§ **Task instructions**
Return all the entries below exactly as they were given.

Stored dataset items:

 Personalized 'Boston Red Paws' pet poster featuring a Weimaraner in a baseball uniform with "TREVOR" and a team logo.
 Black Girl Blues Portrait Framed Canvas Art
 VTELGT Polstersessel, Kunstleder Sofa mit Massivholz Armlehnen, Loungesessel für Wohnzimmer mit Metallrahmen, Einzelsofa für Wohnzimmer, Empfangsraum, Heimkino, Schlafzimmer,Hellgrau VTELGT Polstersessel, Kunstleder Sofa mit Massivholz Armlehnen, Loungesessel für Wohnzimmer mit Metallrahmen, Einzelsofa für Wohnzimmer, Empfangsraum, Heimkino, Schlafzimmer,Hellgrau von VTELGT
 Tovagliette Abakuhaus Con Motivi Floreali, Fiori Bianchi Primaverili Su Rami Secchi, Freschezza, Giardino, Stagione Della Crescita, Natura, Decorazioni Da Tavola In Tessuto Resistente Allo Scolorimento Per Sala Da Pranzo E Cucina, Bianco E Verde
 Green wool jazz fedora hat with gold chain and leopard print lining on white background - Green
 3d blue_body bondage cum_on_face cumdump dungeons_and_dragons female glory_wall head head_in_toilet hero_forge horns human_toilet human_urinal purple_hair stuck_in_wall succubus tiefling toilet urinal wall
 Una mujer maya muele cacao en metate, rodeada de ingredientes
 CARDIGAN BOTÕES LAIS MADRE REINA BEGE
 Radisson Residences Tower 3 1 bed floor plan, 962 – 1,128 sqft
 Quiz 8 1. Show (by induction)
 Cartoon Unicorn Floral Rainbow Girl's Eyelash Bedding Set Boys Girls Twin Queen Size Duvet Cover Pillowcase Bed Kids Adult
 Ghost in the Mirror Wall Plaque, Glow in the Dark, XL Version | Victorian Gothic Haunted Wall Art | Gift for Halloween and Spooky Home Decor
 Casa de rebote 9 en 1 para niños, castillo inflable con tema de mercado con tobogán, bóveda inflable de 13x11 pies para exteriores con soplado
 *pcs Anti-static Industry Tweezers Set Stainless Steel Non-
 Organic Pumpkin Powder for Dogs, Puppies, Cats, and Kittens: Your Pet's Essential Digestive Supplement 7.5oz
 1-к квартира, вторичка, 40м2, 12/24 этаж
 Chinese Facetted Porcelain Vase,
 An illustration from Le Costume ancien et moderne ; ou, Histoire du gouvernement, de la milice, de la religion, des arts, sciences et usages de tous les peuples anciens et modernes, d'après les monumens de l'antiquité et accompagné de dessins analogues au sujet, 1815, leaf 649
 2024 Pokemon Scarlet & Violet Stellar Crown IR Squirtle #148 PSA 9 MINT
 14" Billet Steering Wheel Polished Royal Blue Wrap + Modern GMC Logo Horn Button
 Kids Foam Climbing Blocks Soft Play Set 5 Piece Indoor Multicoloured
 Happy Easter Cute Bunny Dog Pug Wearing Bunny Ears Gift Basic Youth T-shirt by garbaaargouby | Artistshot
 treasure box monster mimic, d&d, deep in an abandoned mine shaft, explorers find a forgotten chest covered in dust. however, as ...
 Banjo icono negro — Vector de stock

§ **Answer space**
 Personalized 'Boston Red Paws' pet poster featuring a Weimaraner in a baseball uniform with "TREVOR" and a team logo.
 Black Girl Blues Portrait Framed Canvas Art
 VTELGT Polstersessel, Kunstleder Sofa mit Massivholz Armlehnen, Loungesessel für Wohnzimmer mit Metallrahmen, Einzelsofa für Wohnzimmer, Empfangsraum, Heimkino, Schlafzimmer,Hellgrau VTELGT Polstersessel, Kunstleder Sofa mit Massivholz Armlehnen, Loungesessel für Wohnzimmer mit Metallrahmen, Einzelsofa für Wohnzimmer, Empfangsraum, Heimkino, Schlafzimmer,Hellgrau von VTELGT
 Tovagliette Abakuhaus Con Motivi Floreali, Fiori Bianchi Primaverili Su Rami Secchi, Freschezza, Giardino, Stagione Della Crescita, Natura, Decorazioni Da Tavola In Tessuto Resistente Allo Scolorimento Per Sala Da Pranzo E Cucina, Bianco E Verde
 Green wool jazz fedora hat with gold chain and leopard print lining on white background - Green
 3d blue_body bondage cum_on_face cumdump dungeons_and_dragons female glory_wall head head_in_toilet hero_forge horns human_toilet human_urinal purple_hair stuck_in_wall succubus tiefling toilet urinal wall
 Una mujer maya muele cacao en metate, rodeada de ingredientes
 CARDIGAN BOTÕES LAIS MADRE REINA BEGE
 Radisson Residences Tower 3 1 bed floor plan, 962 – 1,128 sqft
 Quiz 8 1. Show (by induction)
 Cartoon Unicorn Floral Rainbow Girl's Eyelash Bedding Set Boys Girls Twin Queen Size Duvet Cover Pillowcase Bed Kids Adult
 Ghost in the Mirror Wall Plaque, Glow in the Dark, XL Version | Victorian Gothic Haunted Wall Art | Gift for Halloween and Spooky Home Decor
 Casa de rebote 9 en 1 para niños, castillo inflable con tema de mercado con tobogán, bóveda inflable de 13x11 pies para exteriores con soplado
 *pcs Anti-static Industry Tweezers Set Stainless Steel Non-
 Organic Pumpkin Powder for Dogs, Puppies, Cats, and Kittens: Your Pet's Essential Digestive Supplement 7.5oz
 1-к квартира, вторичка, 40м2, 12/24 этаж
 Chinese Facetted Porcelain Vase,
 An illustration from Le Costume ancien et moderne ; ou, Histoire du gouvernement, de la milice, de la religion, des arts, sciences et usages de tous les peuples anciens et modernes, d'après les monumens de l'antiquité et accompagné de dessins analogues au sujet, 1815, leaf 649
 2024 Pokemon Scarlet & Violet Stellar Crown IR Squirtle #148 PSA 9 MINT
 14" Billet Steering Wheel Polished Royal Blue Wrap + Modern GMC Logo Horn Button
 Kids Foam Climbing Blocks Soft Play Set 5 Piece Indoor Multicoloured
 Happy Easter Cute Bunny Dog Pug Wearing Bunny Ears Gift Basic Youth T-shirt by garbaaargouby | Artistshot
 treasure box monster mimic, d&d, deep in an abandoned mine shaft, explorers find a forgotten chest covered in dust. however, as ...
 Banjo icono negro — Vector de stock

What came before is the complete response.